Nicely done! That looks to be the best finish of the pieces you've shown… It's pretty tough to top a 'glass' finish!


----------



## Kevin (May 2, 2012)

Nice. I'm lovin' all the projects you're showing keep 'em coming Aaron.


----------



## TimR (May 2, 2012)

Hard not to like anything made with box elder... is the finish wipe on poly?


----------



## woodtickgreg (May 2, 2012)

Very nice piece, love box elder, only time I have had issues with the grain raising is with water based poly, a light sand with some 320 and its fixed! What kind of finish is it?


----------



## Mr.Hunt (May 2, 2012)

i used minwax poly that is oil based. ive been using hair or foam brushes to apply the poly, and ive had a hell of a time to keep it from running or leaving brush strokes when fixing a run. i believe that the grain raised a bit after it was turned and dried a little bit. i had already parted it and i dont have a chuck system so i have to finish the bottom and inside by hand the old fashined way. after about 5 or 6 coats this is how it finished. still learning and soon im going to mix it up a bit and try finishing with some linseed oil followed by some shellac.


----------



## woodtickgreg (May 3, 2012)

Mr.Hunt said:


> i used minwax poly that is oil based. ive been using hair or foam brushes to apply the poly, and ive had a hell of a time to keep it from running or leaving brush strokes when fixing a run. i believe that the grain raised a bit after it was turned and dried a little bit. i had already parted it and i dont have a chuck system so i have to finish the bottom and inside by hand the old fashined way. after about 5 or 6 coats this is how it finished. still learning and soon im going to mix it up a bit and try finishing with some linseed oil followed by some shellac.

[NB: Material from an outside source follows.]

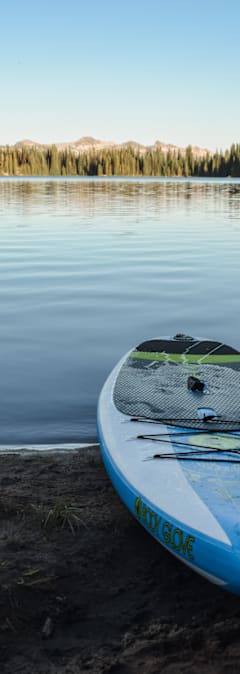 A blue and white paddleboard with the word "Norwegian" written on it is propped up against a body of water.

Try thinning the oil poly out a little with mineral spirits and applying the finish with a white cotton rag, it's easier to controll how the finish is applied and the film thickness can be controlled better, you'll have fewer runs, and you won't have to clean a brush. be shure to lay the rags out flat to dry and throw them out when completely dry, fire hazard! I like to use shellac as a sealer for the first 2 coats and then an oil based finish top coat, 3 or 4 coats sanded between coats with 320 grit. Finishing is an art in itself and their are many ways to do it. Experiment, learn, and have fun.


----------